«Овидий в Скифии, — писал Батюшков Гнедичу, — вот предмет для элегии, счастливей самого Тасса». Драма Овидия заслуживала художественного воплощения, контраст между его счастливой жизнью в Риме и суровым, полным лишений существованием среди скифов был разителен, и Пушкина увлекла задача показать, как же вел себя избалованный успехом римлянин в ледяных степях и почему он не восставал в своих элегиях против сославшего его деспота и не пытался бежать из ссылки, чем вызвал в свое время удивление знаменитого Вольтера! Нет! Он не бежит, а лишь обращается с мольбами и жалобами к всесильному Августу и проливает слезы, как будто можно «отклонить слезами» «карающую длань» императора. Это ли не малодушие и не трусливая лесть! Именно так считали русские литераторы и критики, современники Пушкина. За слезы, за жалобы, за «унылое однообразие» элегий порицал Овидия в своих лицейских лекциях Н. Ф. Кошанский, порицал и замещавший его П.Е Георгиевский, рассуждая так: какой же это римлянин, если он «по-женски жалуется» и прямо «воет», унижаясь перед императором! Ведь римляне — народ, отличающийся примерным мужеством и суровостью, разве Брут, Кассий, Фабий, Сципионы — не истинные римляне, эти тираноборцы и великие, не знающие страха полководцы. «Сколько героев, сколько великих мужей и славных дел», — восклицал Кошанский в своем предисловии к переводу Корнелия Непота. «Любезные друзья, скажу вам, если кто из вас читал об Аристиде, Ганнибале, Цезаре и др… и будет стараться сам так же чувствовать и мыслить, будет искренно желать быть им подобным, тот в самом деле возвысится душою и… может быть, столь же, как они, будет полезен своему отечеству».

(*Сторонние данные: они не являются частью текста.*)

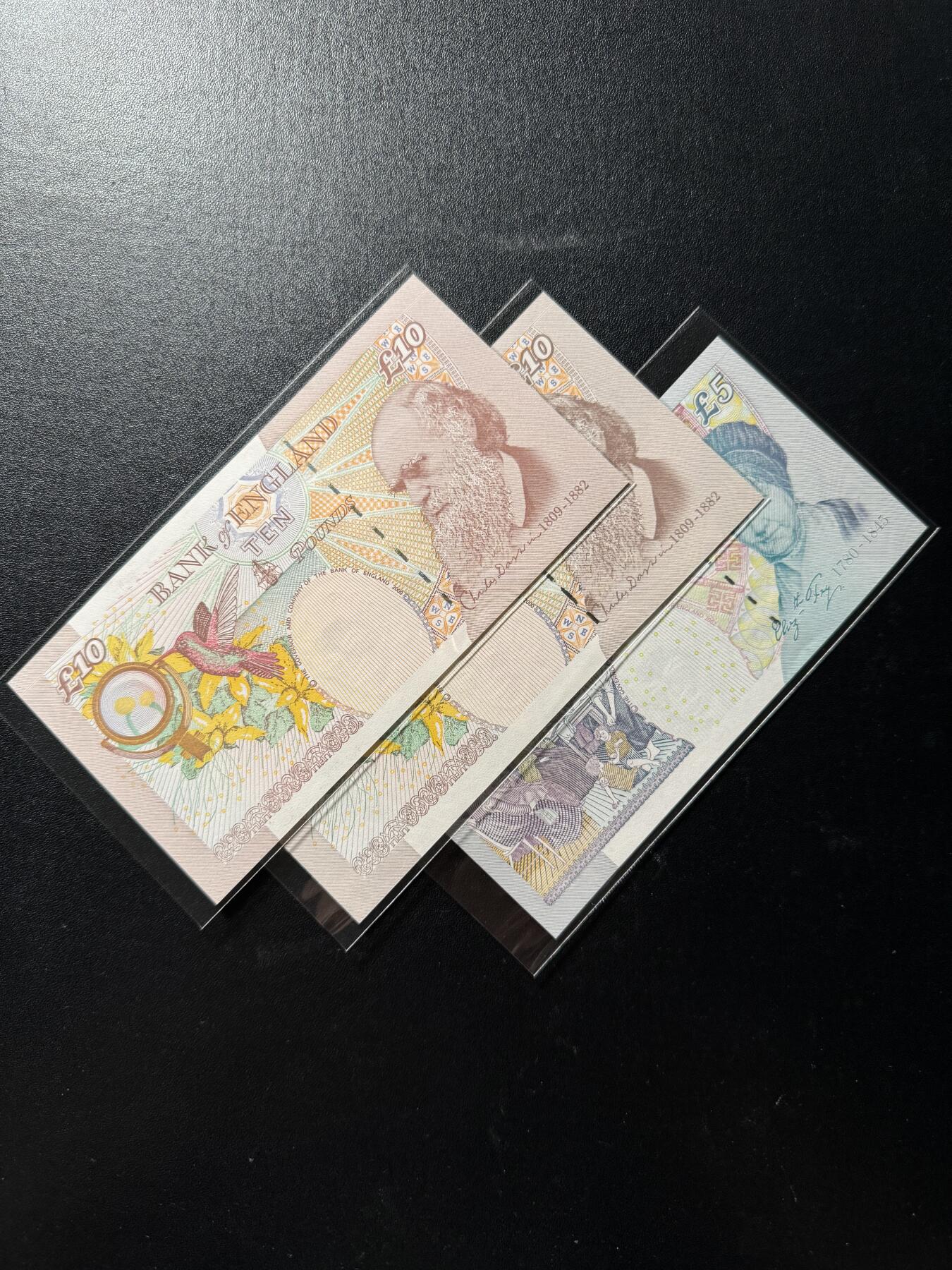 【外币出坑】0元0佣金起拍 无保留价 英国F序列 5磅 10磅 全新Unc 共3枚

Чему же могут, с этой точки зрения, научить «Тристии»? Только презрению к слабости духа изгнанника, которого в лучшем случае можно только пожалеть. И Николай Федорович Кошанский не отказывает ему в сочувствии, вспомнив, «как наказание несоразмерно преступлению», и даже обращается к нему со словами участия: «Покойся, милый прах Назона! И сей жертвы довольно будет для истлевших костей Овидия!»

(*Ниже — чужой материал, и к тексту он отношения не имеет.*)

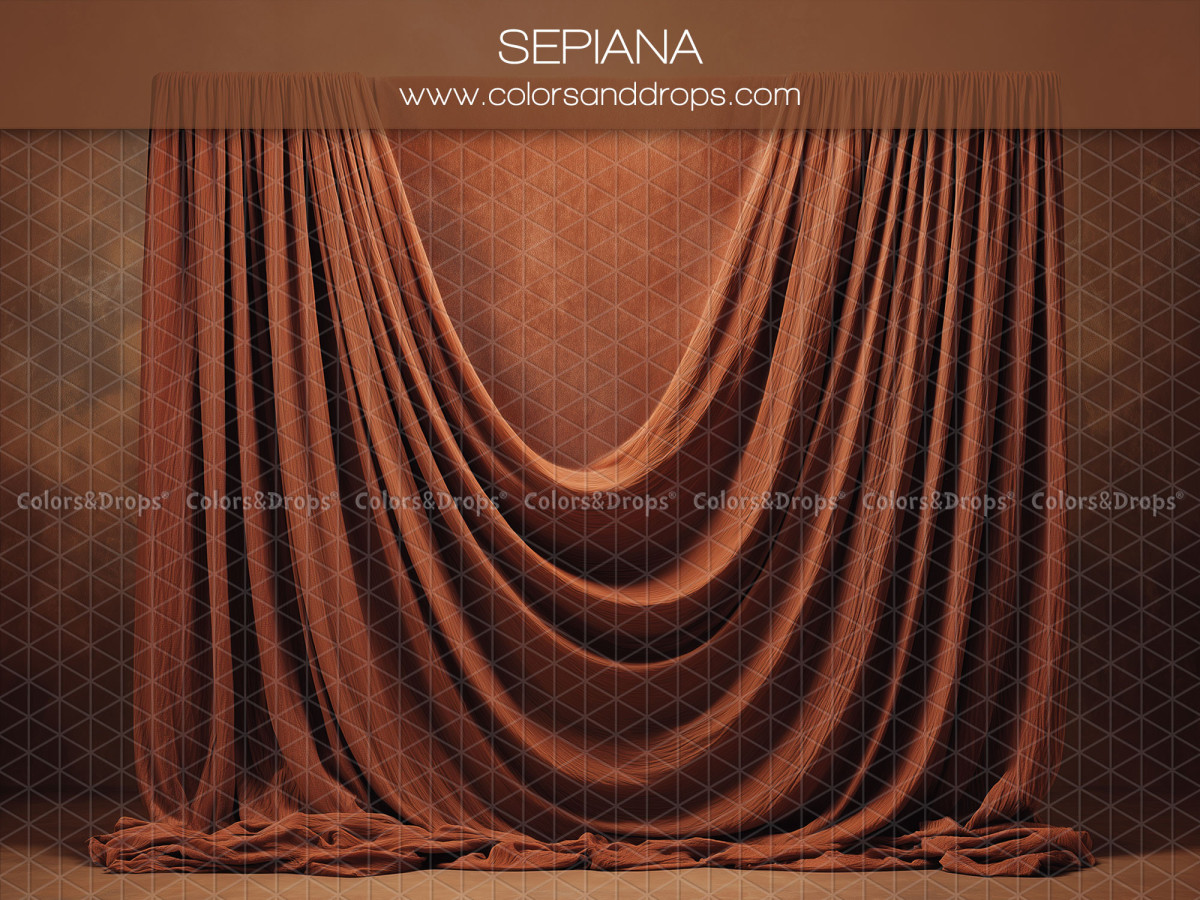 Fondo fotográfico de embarazo y retrato Sepiana – cortinas drapeadas óxido en festones | Colors&Drops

Таков был суд над поэтом, таково было общепринятое мнение о нем.
Но Пушкин в Кишиневе держит в руках подлинный текст Овидия и, «следуя сердцем» за поэтом, делает поразительное открытие: он обнаруживает то, о чем мы уже говорили, — римлянин считал слезы не менее сильным оружием, чем слова и гневные протесты. Русский поэт понимает, что изгнанник стремился расположить к себе друзей, читателей и жестокого императора единственным, чем располагал в изгнании, — обаянием своей личности, кротостью, незлобивостью, а не бунтом, не проклятиями, не оскорблениями:
Понимаю! В противоположность тем, кто не понимает. А их было во время Пушкина большинство.

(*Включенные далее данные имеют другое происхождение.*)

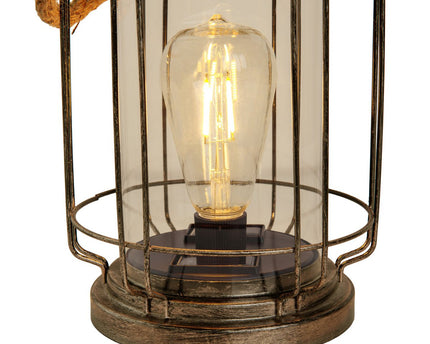 LED decoratief zonnelampje "Bruno" gemaakt van metaal, glas en plastic, koper, met een stevig ingebouwde LED, voor buiten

Плачущий человек требовал снисхождения и уважения, и Август, равнодушный к слезам Овидия, охарактеризован в «Тристиях» уже одной этой чертой как безжалостный и бессердечный деспот. За внешним почтением и показной лестью в «Тристиях», как мы уже видели, скрывается жестокое осуждение Августа. «Истинный талант доверяет более собственному суждению, основанному на любви к искусству, нежели малообдуманному решению записных Аристархов», — писал Пушкин. Именно собственное суждение о прочитанных элегиях Овидия позволило ему понять то, чего не понимали современники.